They were away for fourteen days.
Naturally, it was Holly who found them a house.
She led him round a damp Victorian shell with leprous, floral wallpaper, telling him about its potential. He pretended he could imagine it -- but he was worried about the previous occupant. The old man who lived in this house had died in a nursing home, but before that he had succumbed to a lonely kind of dementia; his neighbours had found him billeted in the back room, half starved. Nathan winced to think of it, but Holly laughed and slipped her arm through his and told him not to be so stupid -- it was part of the reason the house was such a bargain.

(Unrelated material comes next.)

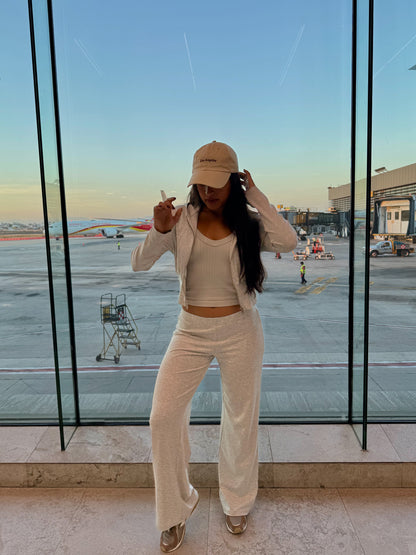 Terminal Set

He looked at the yellow ceiling and said, 'Are you sure?'
She was sure.
Holly employed the architect and Holly employed the builders and Holly employed the site manager. Nathan visited the unfinished house only two or three times. Each time, it seemed to be in worse condition, not better; full of ripped-up floorboards and skinny men in painty jeans, and cups of tea. He decided the house was way too much to worry about, and stopped going. Holly learned to tell him about setbacks and reversals only when they'd been put right.
Most of their furniture had gone into this house a week before the wedding. Nathan spent a strange, transitional week in the almost empty flat above the nursery, sitting in his one remaining chair, watching television.
He'd wondered if perhaps a wisp of Elise - the wisp he'd trailed with him - might be trapped here in this flat, like a moth in a jar. She'd be a flavour in the atmosphere, detected and dismissed by the next tenants - until she evaporated like a dab of scent on a human throat.
June had organized things such that, when they returned from honeymoon, the house was ready to be lived in; there were clothes in the wardrobes, cutlery in the drawers, washing powder in the cupboard and Fairy Liquid next to the sink. There were flowers on the dining table, next to a Welcome Home card. Nathan examined the back of the card to see which of Hermes' rivals had produced it.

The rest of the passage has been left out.